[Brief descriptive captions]
· · · · · · ·

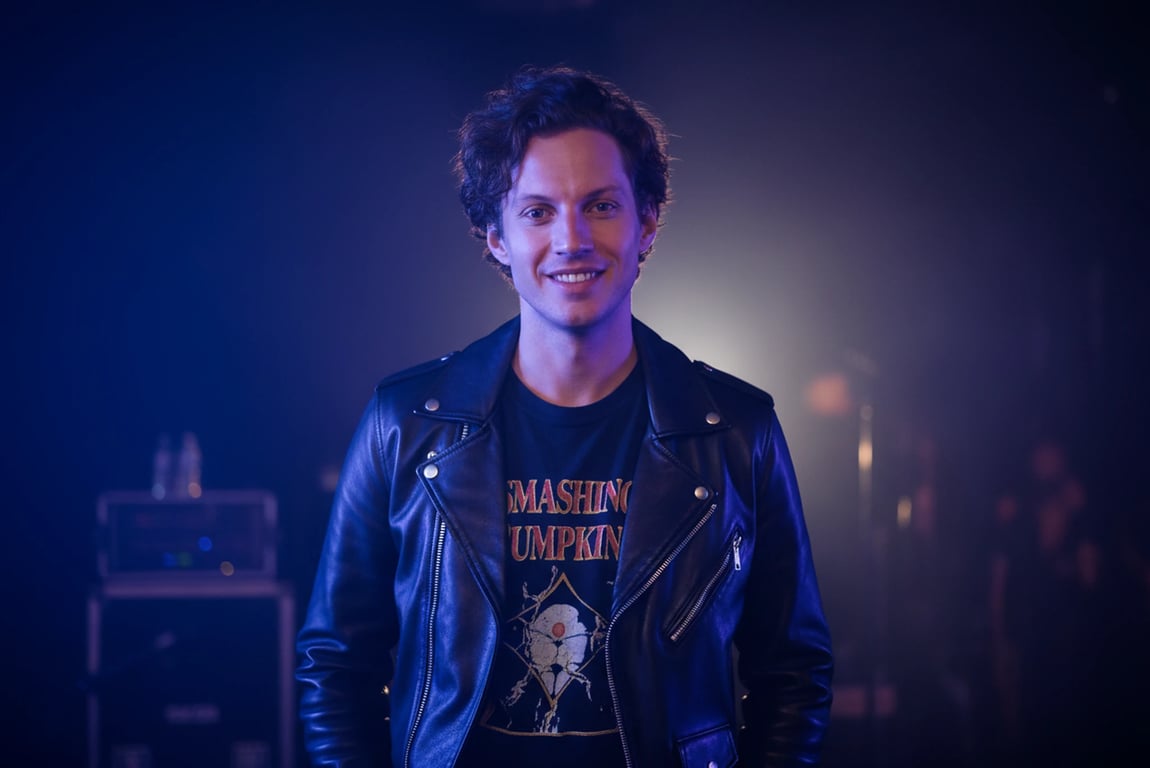 90s theme party clothes filter after transformation - portrait wearing 90s rock party clothes with moody concert vibe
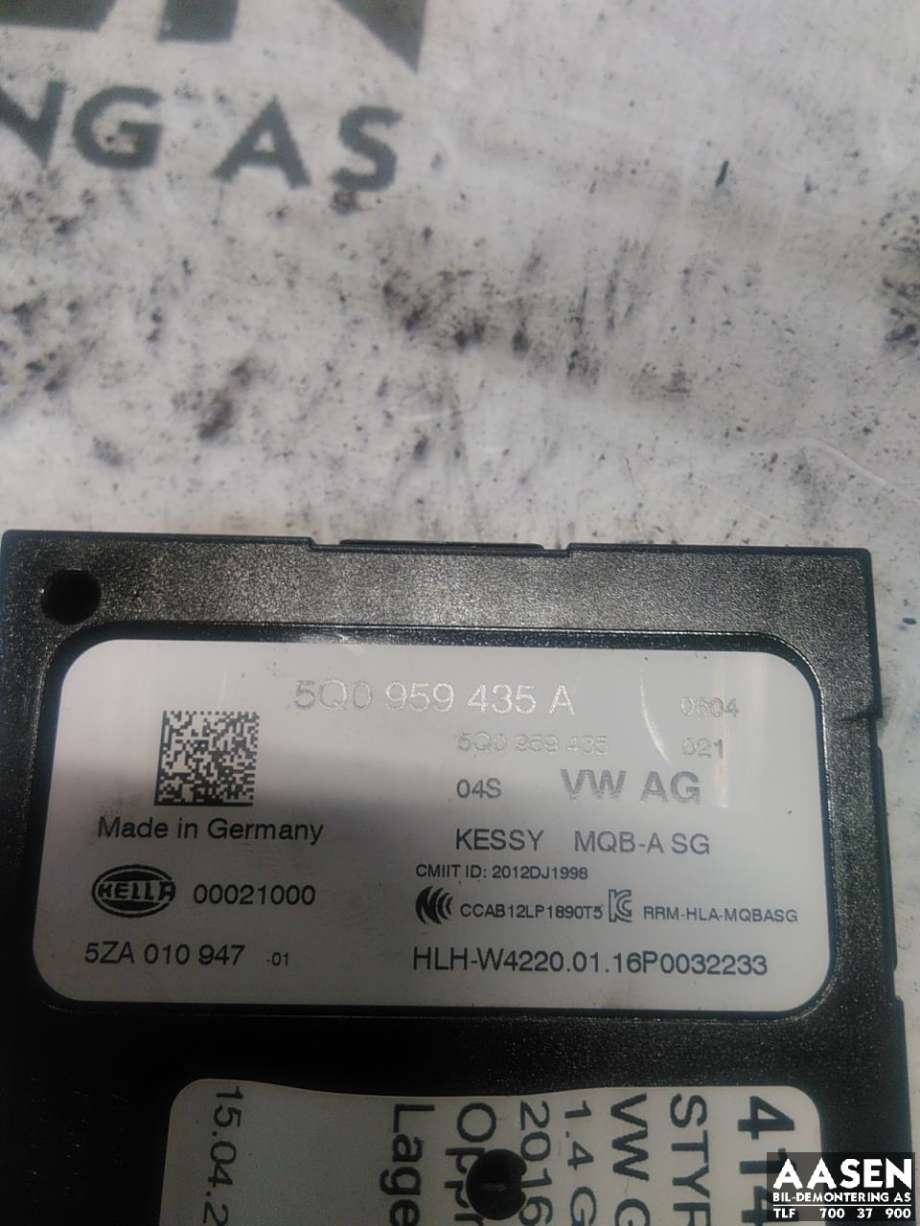 Styreenhet nøkkelfri/keyless til VW Golf VII 2012-2017 (Fase 1)  (5Q0959435A|)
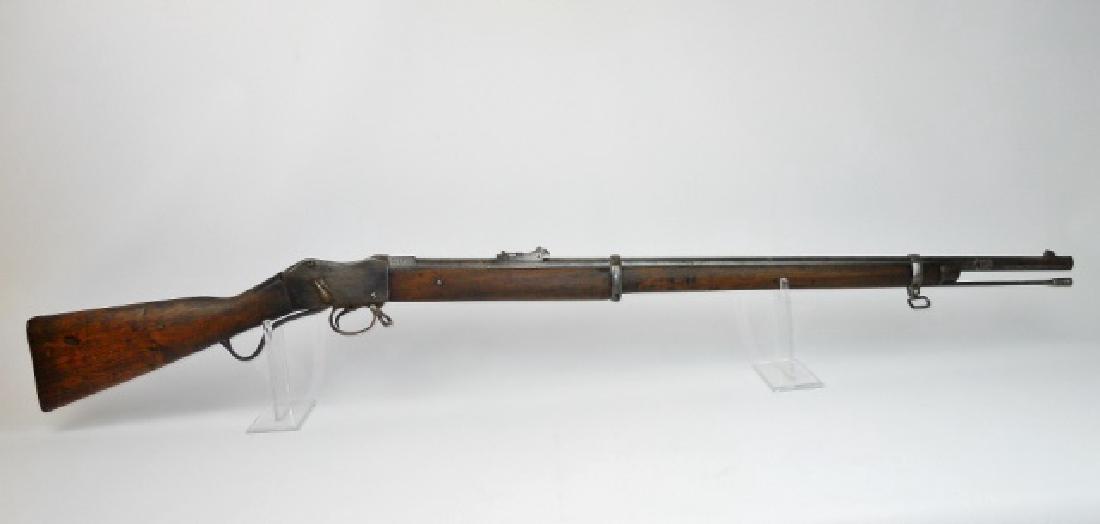 British Martini Henry Rifle, in .476 Shot: 19th C. Martini Henry single shot lever action smooth bore long gun, in .476 shot. Walnut stock with two bands, nose cap, ramrod and steel but plate. Receiver and barrel with inspection stamps and ".4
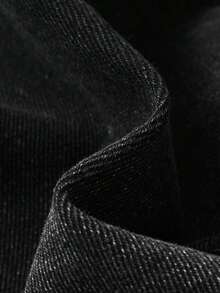 青少年男孩黑色时尚破洞牛仔短裤 - 黑色 - 查看 4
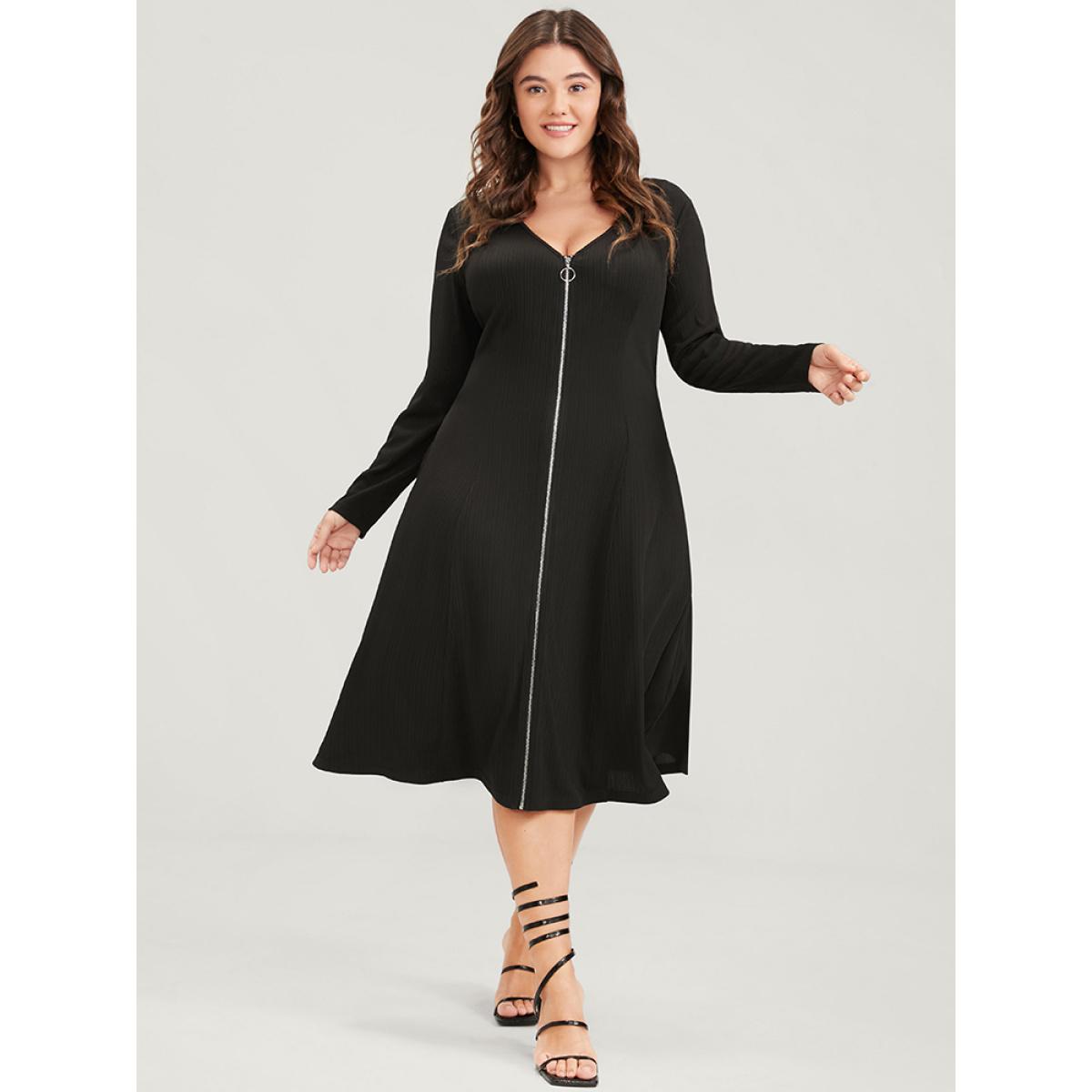 Plus Size Plain V Neck Pocket Zip Up Midi Dress Black Women Office Zipper V-neck Long Sleeve Curvy Midi Dress BloomChic 12/L Product Image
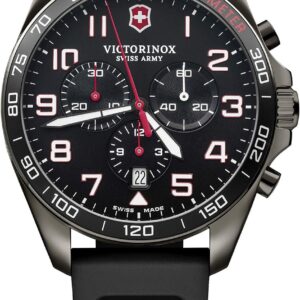 Victorinox FieldForce Sport Chrono Black Dial Black Rubber Strap Watch 42mm – 241889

· · · · · · ·

What to work on => Would you print all of the entries exactly, omitting any image?

Answer section =>
 90s theme party clothes filter after transformation - portrait wearing 90s rock party clothes with moody concert vibe
 Styreenhet nøkkelfri/keyless til VW Golf VII 2012-2017 (Fase 1)  (5Q0959435A|)
 British Martini Henry Rifle, in .476 Shot: 19th C. Martini Henry single shot lever action smooth bore long gun, in .476 shot. Walnut stock with two bands, nose cap, ramrod and steel but plate. Receiver and barrel with inspection stamps and ".4
 青少年男孩黑色时尚破洞牛仔短裤 - 黑色 - 查看 4
 Plus Size Plain V Neck Pocket Zip Up Midi Dress Black Women Office Zipper V-neck Long Sleeve Curvy Midi Dress BloomChic 12/L Product Image
 Victorinox FieldForce Sport Chrono Black Dial Black Rubber Strap Watch 42mm – 241889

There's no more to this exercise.